There are several different types of small business identity theft. The first type happens to business owners themselves. Many small business owners use their own personal information on their business accounts and licenses making them easy targets for identity thieves who can find their information on public and private databases. The other kind of small business identity theft happens when information is lost or stolen from a small business. Businesses have access to a wealth of information that thieves can use to their advantage. Businesses do not always store or dispose of personal information in a secure manner – there have been reports of medical offices dumping intact files of their patients’ personal information without shredding it first. There are also many ways that a thief can compromise the information that a business has access to, from hacking to posing as a legitimate organization and phishing for the information. The business is then liable and has a responsibility to tell their customers about the loss of personal information.

TrustedID offers protection for small business owners’ identities as well as solutions to offer protection for a business’s customers or employees should the company ever get breached by thieves.

Key Stats:

• About 16 million small business owners use their own Social Security number on their business bank accounts, making them easy targets for identity thieves.
• Identity crimes against small businesses pose a major threat since the U.S. economy relies on small businesses.
• In a report by the Center for Identity Management & Information Protection; a business was compromised in 50% of the cases.
• 34% resulted from insider theft.
• 42% of the insider theft occurs in retail businesses and more than 23% in private and insurance companies.
• The Identity Theft Resource Center estimates the cost to businesses due to identity theft in 2007 at $49 billion.

How to prevent small business identity theft…

Protect your customers:

1. Collect only information you need from your customers. The more information you store, the more information a thief can steal, the higher your costs of secure storage, and the greater potential liability if the information is compromised.
2. Invest in software and hardware to protect your customers’ data. Understand and comply with key industry standards for data storage. Create and display a Privacy Policy that details how your information collects, stores, secures and shares data. Leverage your investment by promoting your security-consciousness to your customers, giving them greater confidence in your business.
3. Create policies to limit access to sensitive information to trustworthy employees who have a valid business reason to access that data.  And even if you consider them to be trustworthy, err on the side of caution and require background checks and drug tests every 12 months.
4. Secure your physical workplace by locking mailboxes, desks, file cabinets, computers, and anything that might contain valuable information. Many identity thieves steal information directly from offices and take advantage of any unsecured access point.  Require all employees to lock office doors every night.  Install video cameras in the office to monitor nighttime activity.
5. Properly dispose of information when you no longer need it. Use a shredder for all paper documents and make sure electronic files are completely destroyed. If your office disposes of large amounts of sensitive information, hire a trustworthy, outside company to do your shredding for you.
6. Sign up with TrustedID to protect your Social Security, credit and bank accounts, health benefits and more.
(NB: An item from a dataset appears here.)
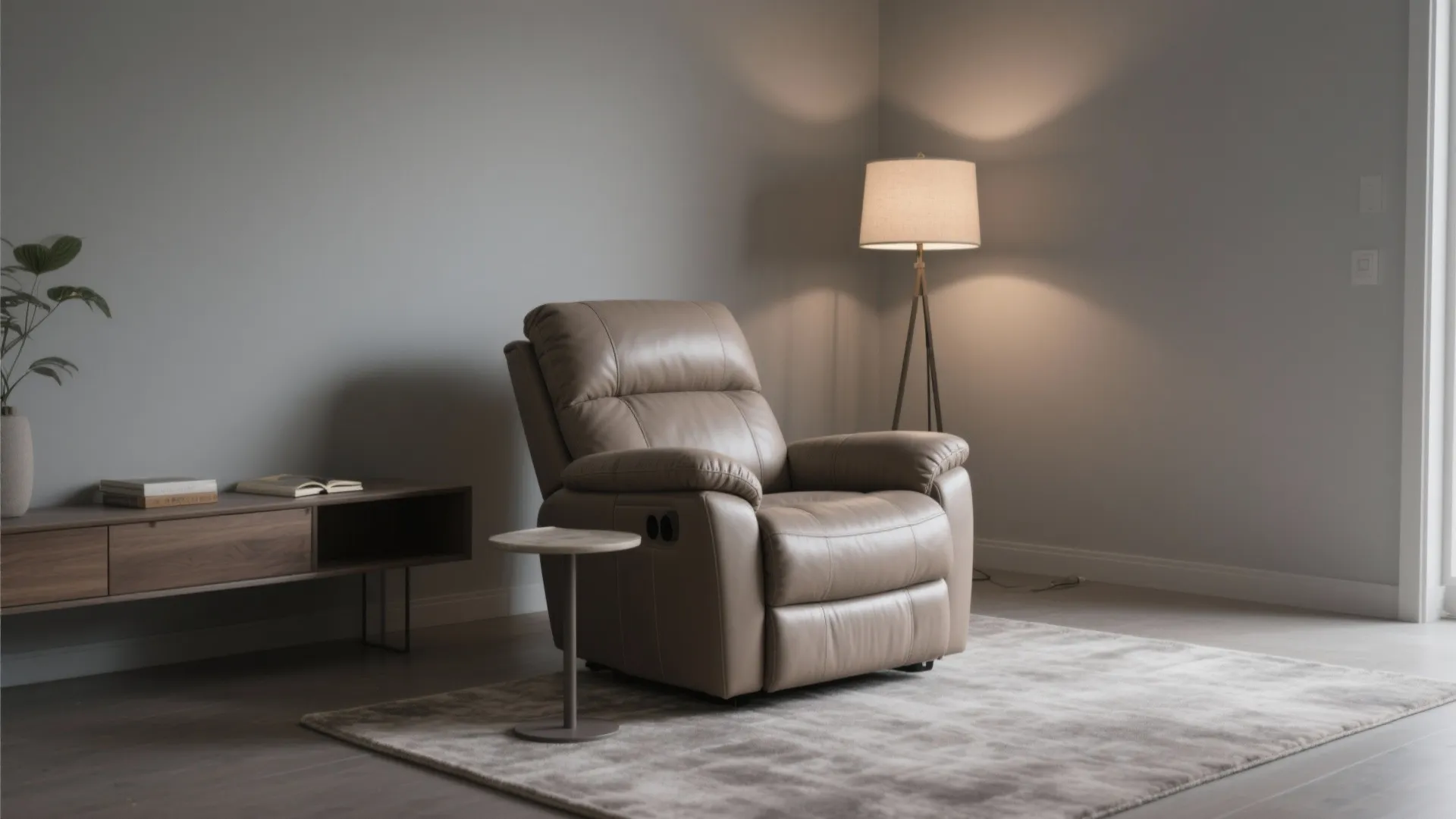 Rooms to Go Small Recliners: Maximize Comfort in Tight Spaces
Protect Owners & Employees:

1. Don’t use your personal information, such as your Social Security number, to run your business.  If your business is a sole proprietorship or a limited liability corporation, apply for an Employer Identification Number (EIN) so you do not have to share your Social Security Number unnecessarily.
2. Beware of phishing scams and requests for sensitive information by phone.  Use the mindset of suspicion whenever anyone or any web site asks you for personal information – credit card numbers, passwords, addresses or dates or birth.  Ignore any correspondence that comes from a bank via email. Respond to anyone asking for personal information via phone by returning their call at a phone number you find on your billing statements or publically available elsewhere. Never use the phone number they provide to you.  Remember that smart thieves know how to spoof caller identification services; don’t trust what you see on your phone’s screen.
3. Review your individual credit reports. This is all the more important if your business depends on your good credit for access to financing. Take note of accounts, addresses or names you don’t recognize.
4. Install anti-spyware and anti-phishing on all desktop computers. Risks to both personal and company information can be eliminated with inexpensive software that prevents some of the most common theft techniques used to by today’s tech-savvy cyber criminals.
5. Offer identity theft coverage as a benefit to help prevent and resolve employee theft.  Identity theft prevention services combine a suite of protections into one easy package, making it easier for employees to protect themselves, and reducing time spent resolving identity theft issues during work hours and on the company’s dime.
6. Offer TrustedID to your employees as an additional benefit. TrustedID also has data breach response services available if your company is ever breached.

The previous tips are the best way for you to prevent yourself from being a victim of small business identity theft.